Beowulf: Translation and Commentary (Expanded Edition)
By Tom Shippey (Translator)
& Leonard Neidorf (Editor)
Contents
Introduction
The Editor on the Translator
Translator's Preface
Note on the Beowulf Text
Text and Translation
Commentary
Appendix I: Tolkien and Beowulf
Appendix II: Finnsburg, Waldere, Hildebrandslied
Bibliography
Description
Beowulf, composed around 700 A.D., is the first great epic poem in the English language. It tells the timeless story of a hero’s fight against monsters and sets it against a complex background of political intrigue and tribal warfare. Situated in sixth-century Scandinavia, the poem brings to life a magnificent world that fuses history with fantasy. Tom Shippey’s new translation of Beowulf, reflecting a lifetime of engagement with the poem, makes its story clearer and more compelling than it has ever been. The original Old English text of Beowulf is included along with an extensive and innovative commentary, which guides the reader passage-by-passage through the poem and its criticism.
In addition to the text, translation, and commentary, this volume contains an extensive bibliography, a translator’s preface, and an appended essay by Tom Shippey on “Tolkien and Beowulf—A Lifelong Involvement.” The 2nd edition (revised and expanded) adds new texts and translations (by Tom Shippey) of Waldere, the Hildebrandslied, and the Fight at Finnsburg.
Reviews
"This extraordinary volume is both the perfect book for the first-time reader of Beowulf and essential reading for all scholars." - Francis Leneghan,University of Oxford
"Anyone working with Beowulf will want to read this book, especially the rich, extensive, and up-to-date commentary." - Marijane Osborn,University of California, Davis
"The translation is cogent, and the commentary is illuminating. Anyone interested in Beowulf needs this book." - Joseph Harris,Harvard University
Key Words
Beowulf, Old English, Old Norse, Tolkien, Germanic Mythology
About the Authors
TOM SHIPPEY received his PhD from the University of Cambridge. In an academic teaching career lasting 43 years (1965-2008), he taught at six universities, including Oxford and Harvard. His first published article, more than fifty years ago, was “The Fairy-Tale Structure of Beowulf” (1969), while his first published book was Old English Verse (1972). Since then, he has published well over a hundred academic articles, and more than twenty monographs and edited collections, notably (with Andreas Haarder) The Critical Heritage: Beowulf (1998), and most recently, Beowulf and the North before the Vikings (2022).
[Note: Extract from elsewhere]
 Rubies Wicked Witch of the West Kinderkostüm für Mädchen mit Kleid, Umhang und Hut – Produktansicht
He also written more than 200 reviews on fantasy and science fiction for The Wall Street Journal, as well as many contributions, often on archaeology, to The London Review of Books. He is well known for books that have reached a wider community of readers outside academia, such as Laughing Shall I Die (2018) and his much-reprinted and often-translated books on Tolkien, The Road to Middle-earth (1981) and J.R.R. Tolkien: Author of the Century (2000).
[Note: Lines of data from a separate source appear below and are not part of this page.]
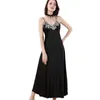 Abito da notte in pizzo Rosa Vestaglia da donna Abiti lunghi Nero Indumenti da notte da donna In seta Scollo a V Plus Lingerie Vestaglia 210924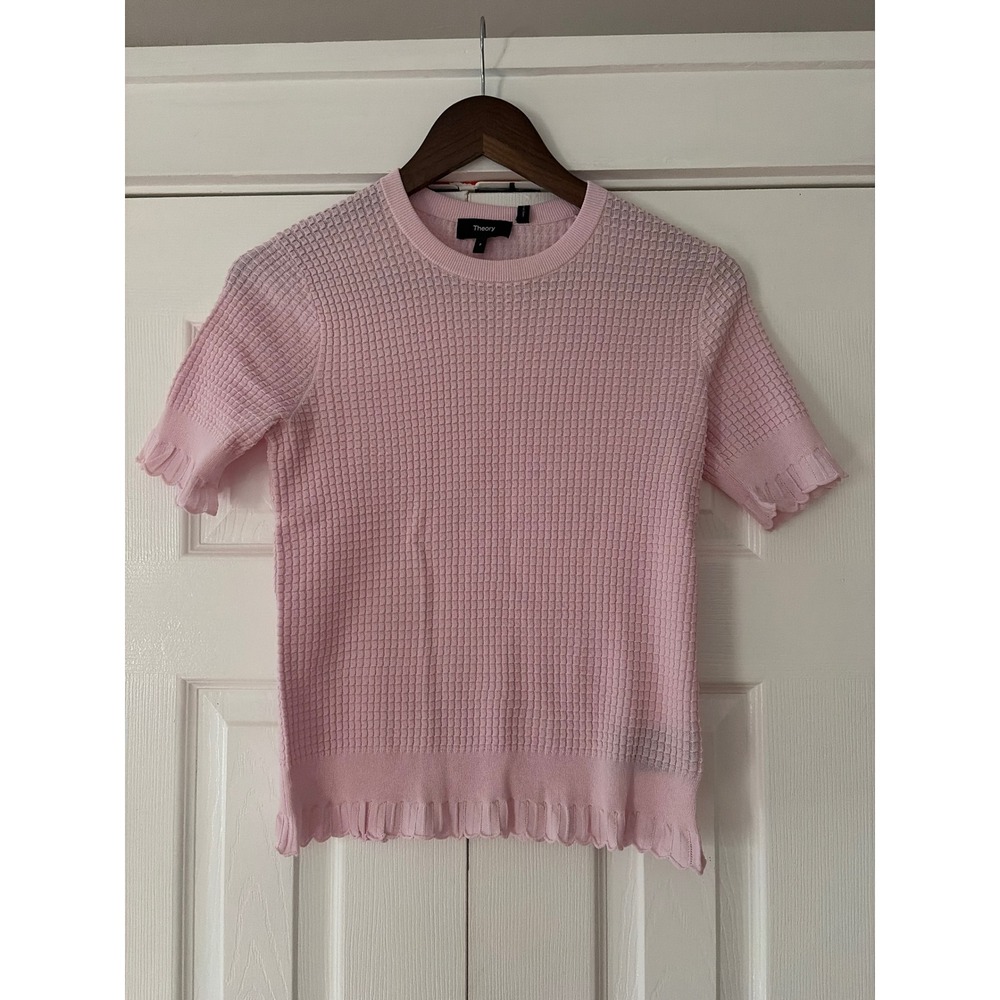 Theory Womens Lace Trim PO Bristol Cotton Waffle Knit Sweater Soft Pink NWT
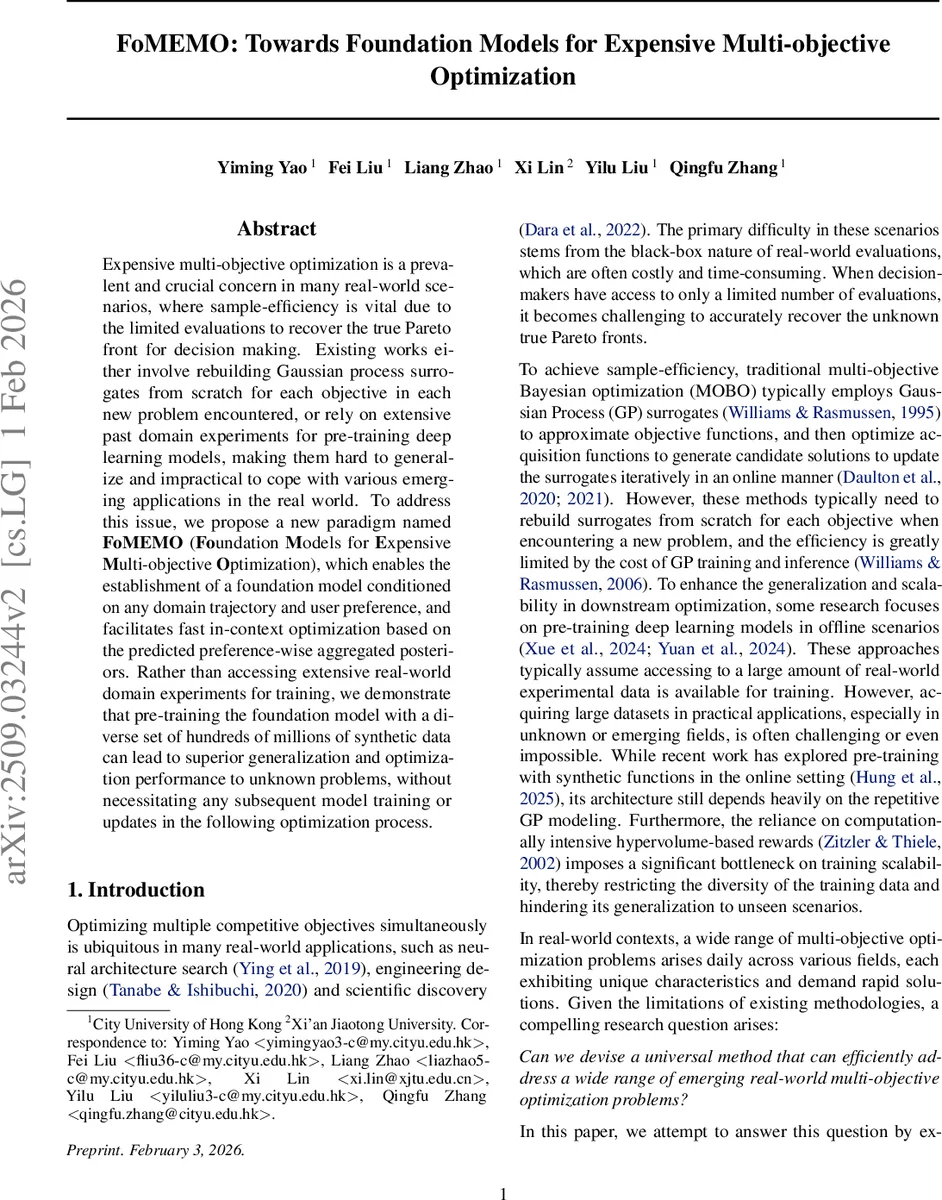 다목적 고비용 최적화를 위한 파운데이션 모델 FoMEMO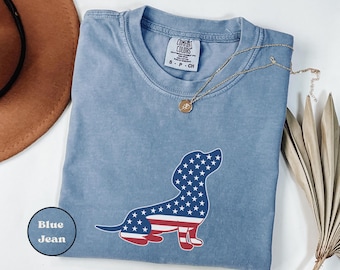 Comfort Colors®  Patriotic Dachshund Shirt 4th of July USA Flag Wiener Dog Tee Sausage Dog Lover Gift American Pride Dog Mom T Shirt Cute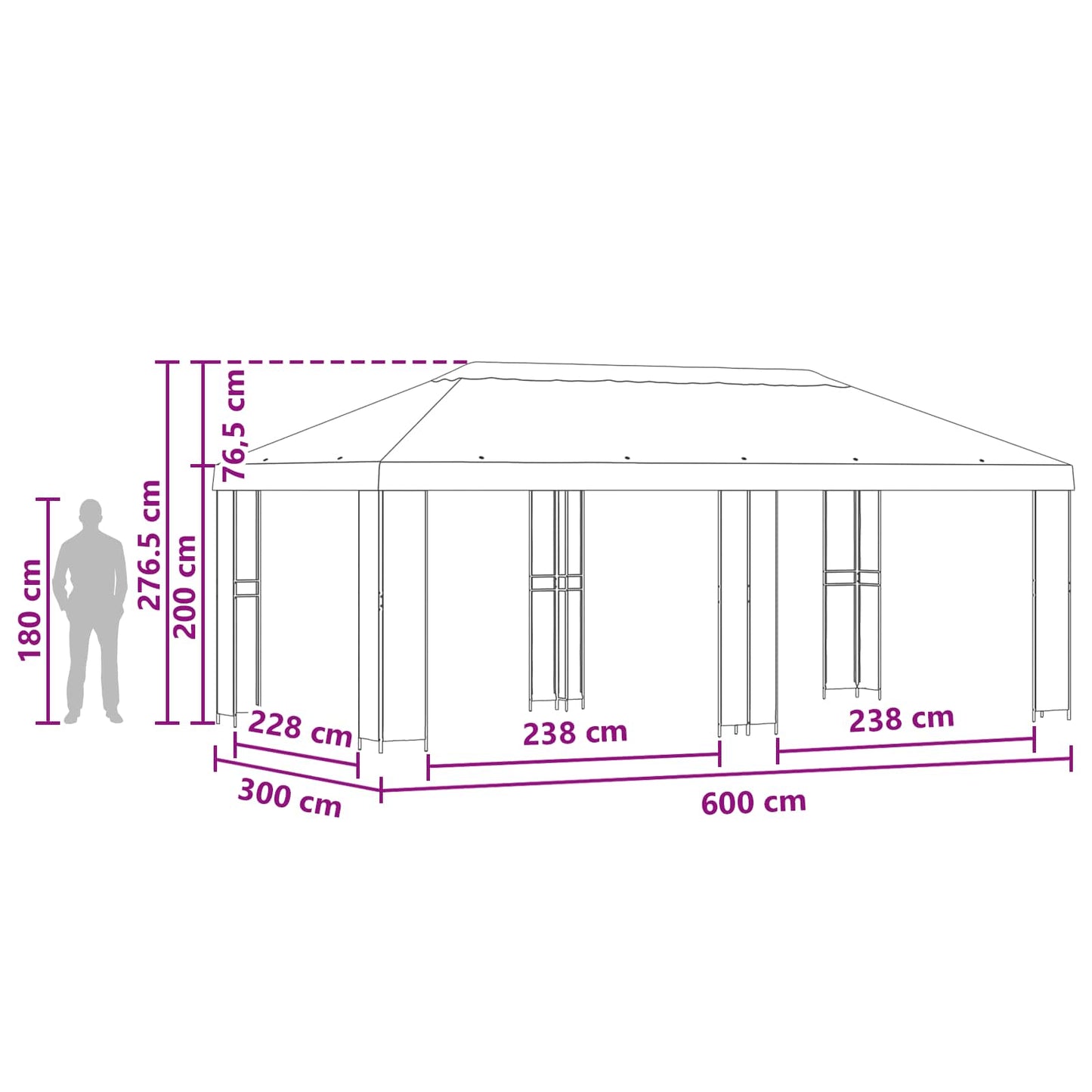 Garten Pavillon 6 X 3 M Polyester Und Stahl 190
LEONARD NEIDORF received his PhD from Harvard University. He has been Professor of English at Nanjing University since 2016. He is the author of two monographs on Beowulf: The Transmission of Beowulf (2017) and The Art and Thought of the Beowulf Poet (2022), both of which were published by Cornell University Press. He is the editor of The Dating of Beowulf: A Reassessment (2014), which was named an Outstanding Academic Title by CHOICE, and the co-editor (with Rafael J. Pascual and Tom Shippey) of Old English Philology: Studies in Honour of R.D. Fulk (2016). Neidorf has published more than 90 papers, which have appeared in a wide range of prominent journals, including ELH, Folklore, Traditio, Nature Human Behaviour, and Journal of Germanic Linguistics. For his research on Beowulf, Neidorf was awarded the Beatrice White Prize from the English Association in 2020.